Raymond miró a su acompañante. Sabía que la chica tenía buenas intenciones y que no lo había cautivado precisamente por su inteligencia, así que contuvo su furia. Sin embargo, respondió con sarcasmo:

– ¿Crees que puedo llamar al Instituto Forense y simplemente ordenarles que no hagan la autopsia en un caso como éste? No fastidies.

– Pero tú conoces a mucha gente importante -insistió Darlene-. Pídeles que intercedan.

– Por favor, cariño… -comenzó Raymond con desdén, pero de repente se detuvo. Pensó que quizá Darlene tuviera algo de razón. Una idea comenzó a tomar forma en su cabeza.

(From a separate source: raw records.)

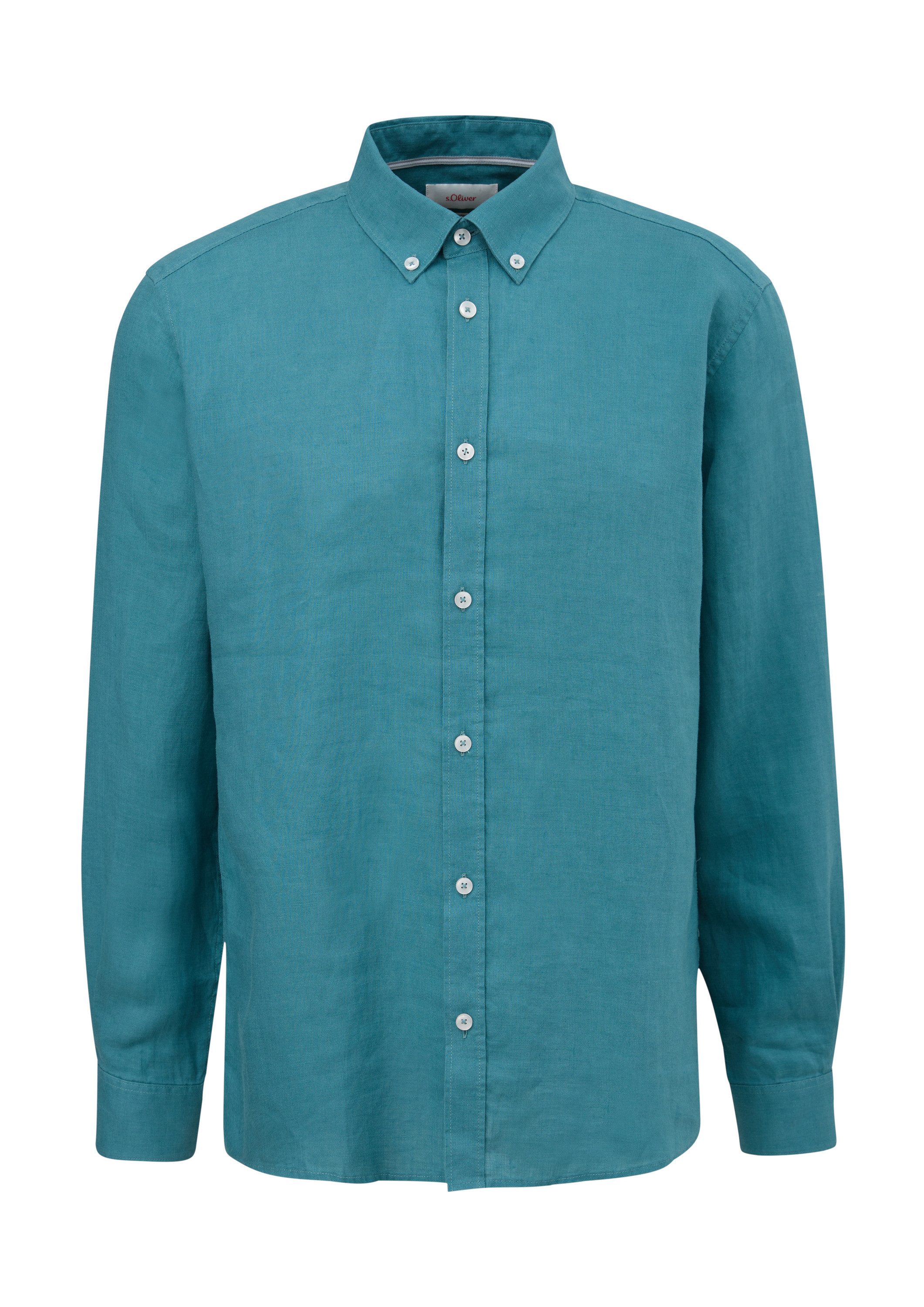s.Oliver Langarmhemd Hemd Leinenhemd mit Button-Down-Kragen günstig online kaufen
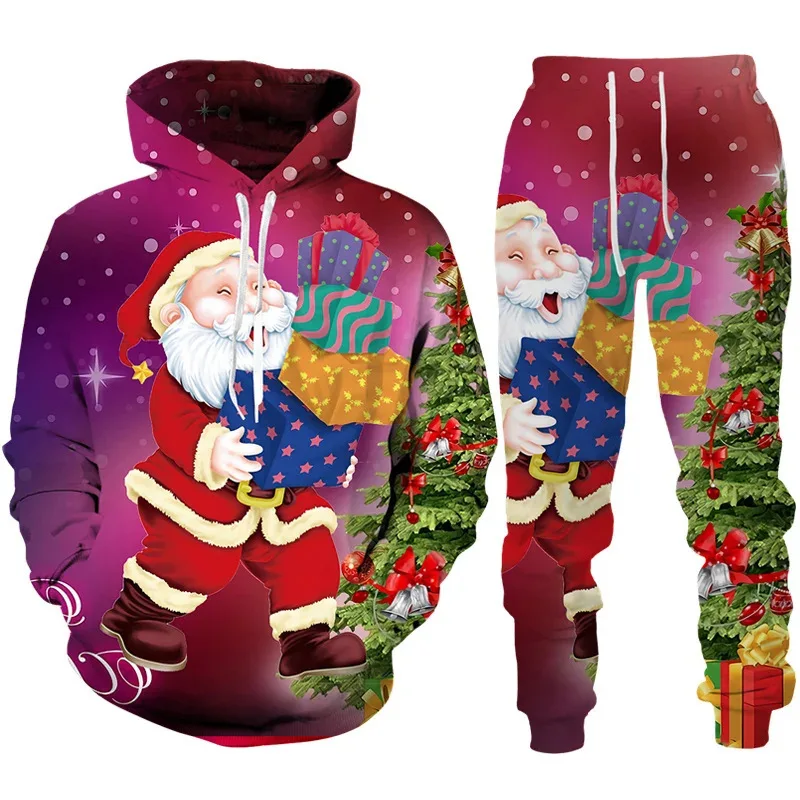 Men's Hoodie Sets Christmas Santa Claus Pattern Print 3D Hooded Sweatshirt Pants 2Pcs Suits Fall/Winter Oversized Men's Clothing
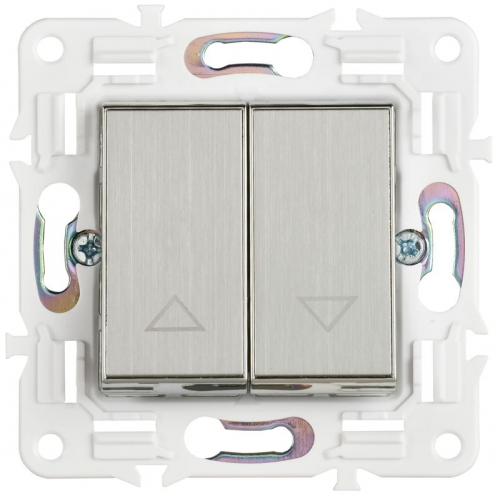 Выключатель жалюзи SKANDY 10А SK-V12N никель IEK SK-V15-0-10-K50 фото 2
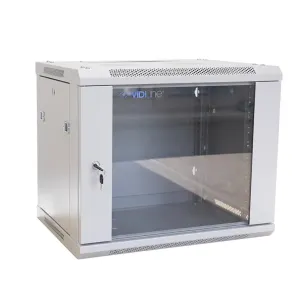 Szafa RACK 19" 9U wisząca VidiLine R19-9U/450-WS_V2-SZ 450 mm szary RAL7035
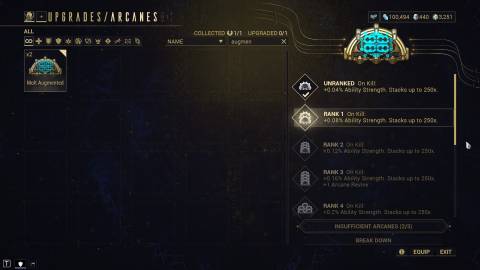 Warframe Arcane Camisado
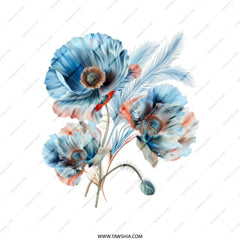 Blue Poppy Tote Bag, Floral Print Bag, Botanical Art, Flower Design, Unique Tote Bag, Everyday Bag, Gift Idea, Stylish Shopper Bag - Tawshia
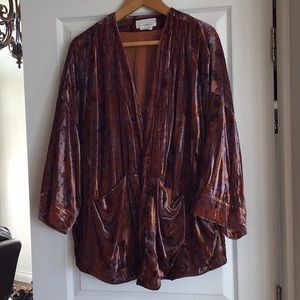Anthropologie crushed velvet smoking jacket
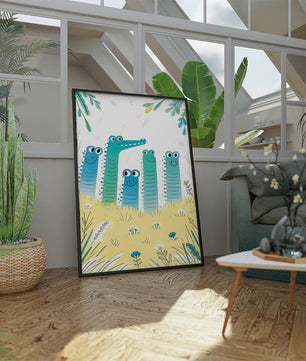 Illustration of Happy Cartoon Crocodiles in a Colorful Meadow - Mi tienda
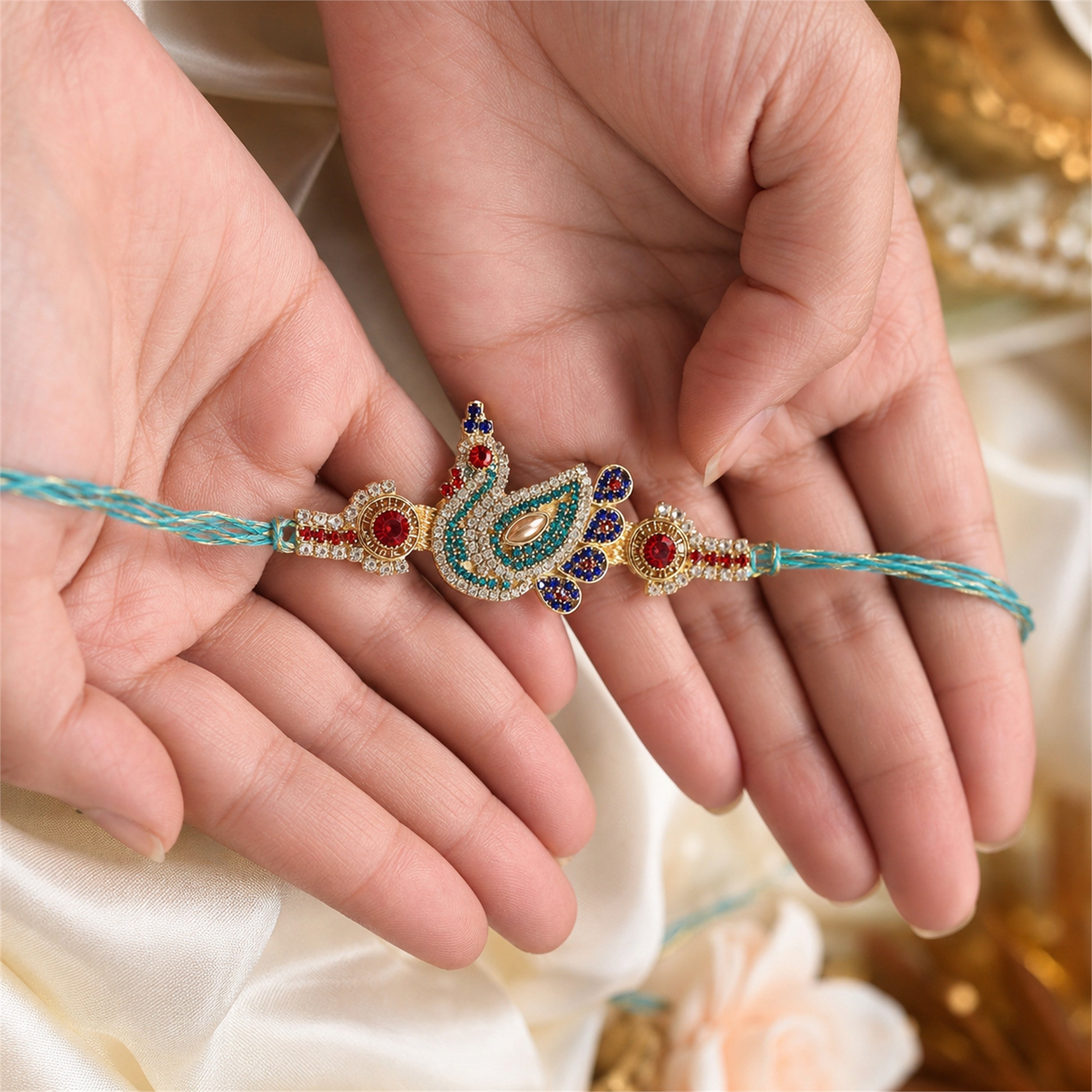 Peacock Rakhi Gift Box Set – Premium Handcrafted Raksha Bandhan Gift for Brother | Labh Ethnica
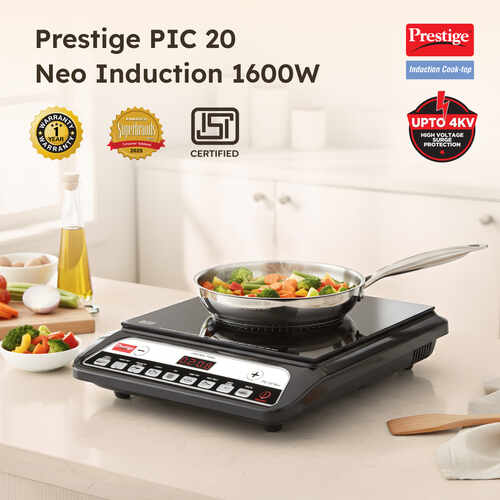 Prestige PIC 20 NEO 1600W Induction Cooktop – Indian Menu Options, Timer & Automatic Voltage Regulation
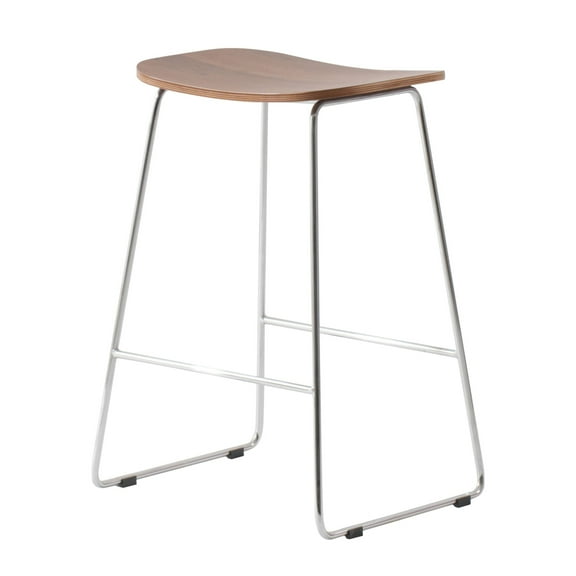LeisureMod Melrose 26" Modern Wood Kitchen Counter Stools with Chrome Iron Base & Footrest In Walnut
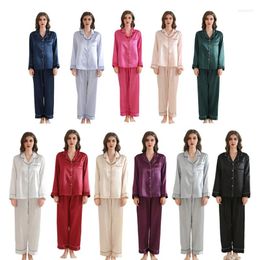 Home Clothing Solid Color Pajamas Suit Shirt Trousers Outfit V-Neck Clothes Women Silky Satin Sleepwear Pyjamas Set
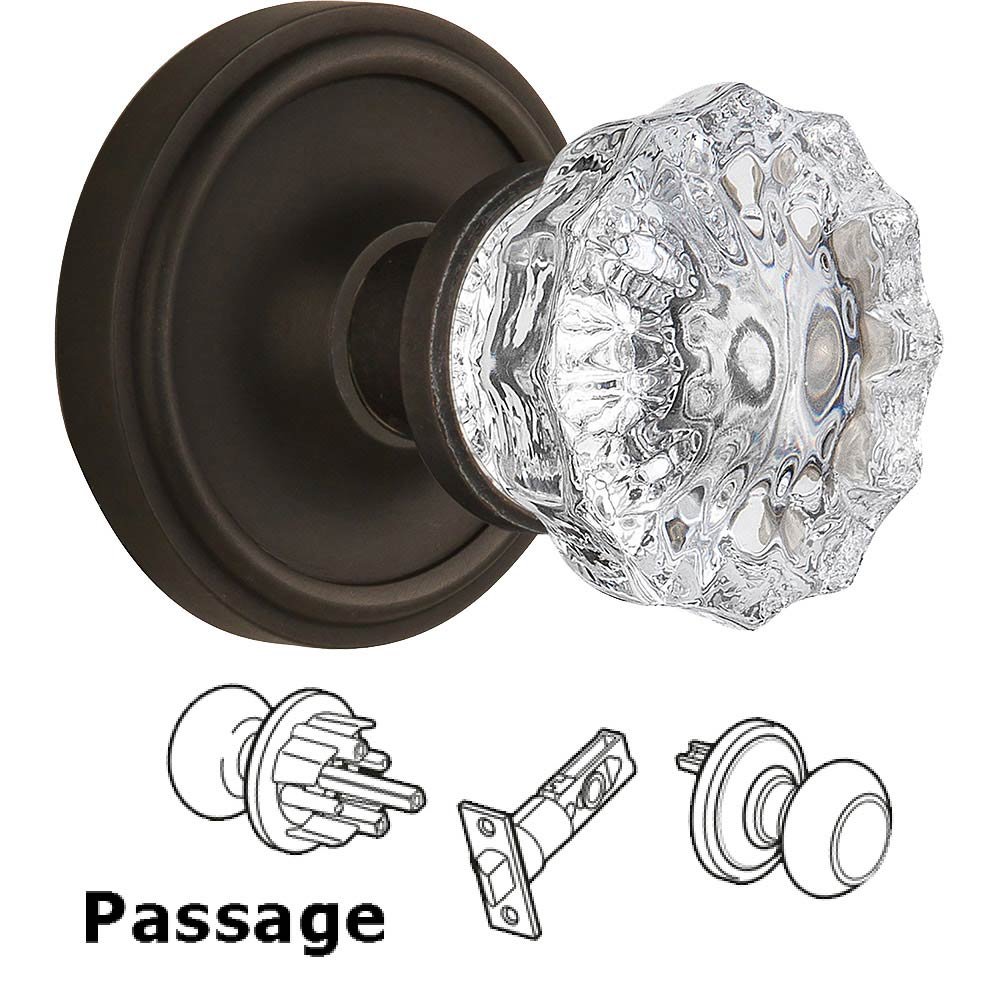 Passage Knob - Classic Rose with Crystal Door Knob in Oil Rubbed Bronze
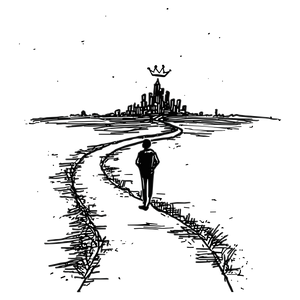 Illustration of a person walking towards a cityscape with a crown on a white background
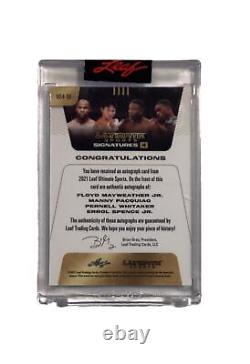 Floyd Mayweather Jr Manny Pacquiao Whitaker 2021 Leaf Signed Autograph Auto 2/5
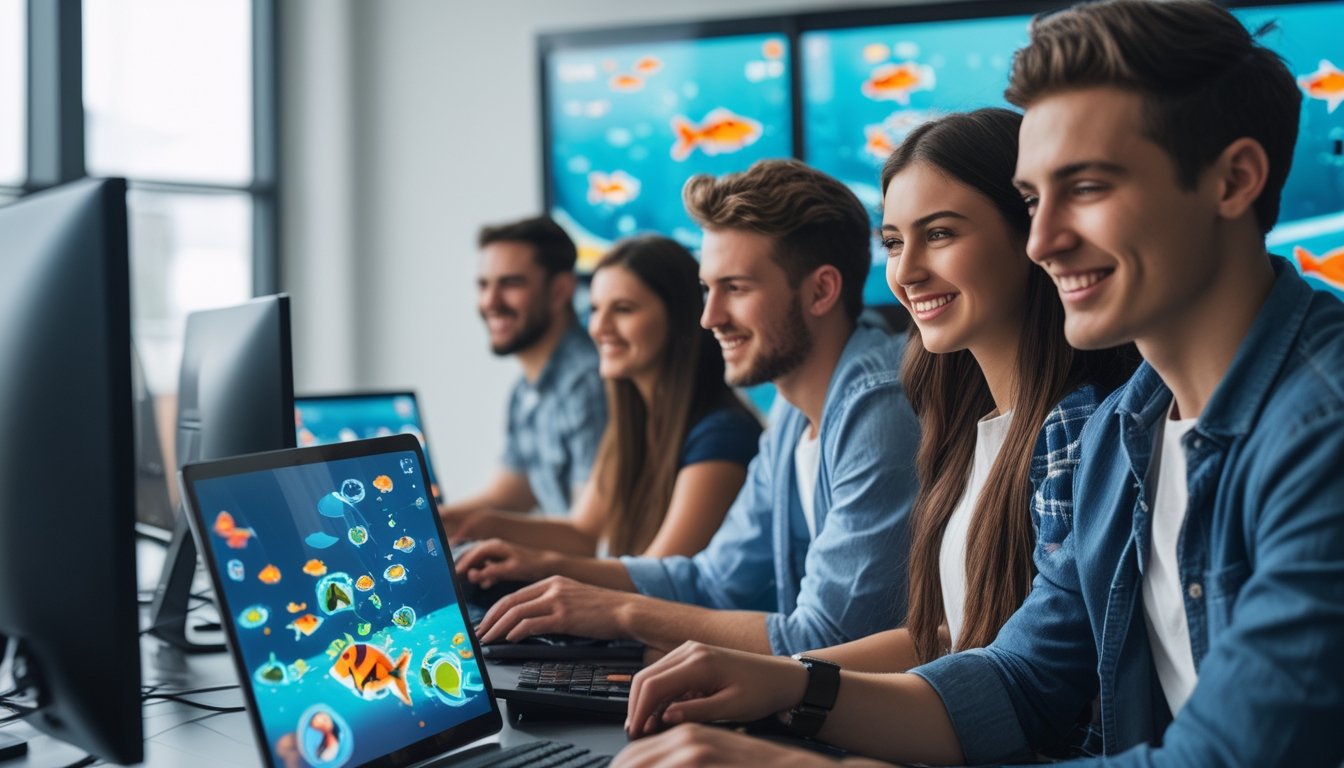 Sekelompok orang muda bermain game tembak ikan online bersama di ruangan modern dengan beberapa layar menampilkan grafis ikan berwarna-warni.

– ¿Qué me dices del doctor Levitz? -dijo Darlene-. Era el médico de Franconi. Quizá pueda ayudarte.

– Estaba pensando precisamente en él.

Daniel Levitz era un médico con una magnífica consulta en Park Avenue, con gastos muy altos y una clientela menguante debido a la proliferación de las mutualidades médicas. Además, había enrolado muchos pacientes para el proyecto, algunos de la misma calaña que Carlo Franconi.

Raymond se puso en pie, sacó el billetero y dejó tres flamantes billetes de cien dólares sobre la mesa. Sabía que era más que suficiente para cubrir la cena y una propina generosa.

– Vamos -dijo-. Tenemos que hacer una visita.

– Pero aún no he terminado el primer plato -protestó Darlene.

Raymond no respondió. Apartó de la mesa la silla de Darlene y la obligó a levantarse. Cuanto más pensaba en el doctor Levitz, más se convencía de que aquel hombre podía salvarlo. Como médico personal de varias familias rivales de la mafia de Nueva York, Levitz conocía a gente capaz de hacer lo imposible.

CAPITULO 1

14 de marzo de I997,

7:25 horas.

Nueva York.

Jack Stapleton se inclinó y pedaleó con fuerza mientras recorría la última manzana en dirección este sobre la calle Treinta. A unos cincuenta metros de la Quinta Avenida, irguió la espalda, soltó el manillar y comenzó a frenar. El semáforo no estaba en verde, y ni siquiera Jack estaba lo bastante loco para abrirse paso entre los coches, autobuses y camiones que aceleraban hacia el norte de la ciudad.

La temperatura había subido considerablemente, y los diez centímetros de nieve que habían caído dos días antes se habían derretido, salvo por algunos montículos sucios entre los coches aparcados. Se alegraba de que las calles estuvieran despejadas, pues hacía varios días que no podía usar la bicicleta que había comprado tres semanas antes. Con ella había reemplazado la que le habían robado el año anterior.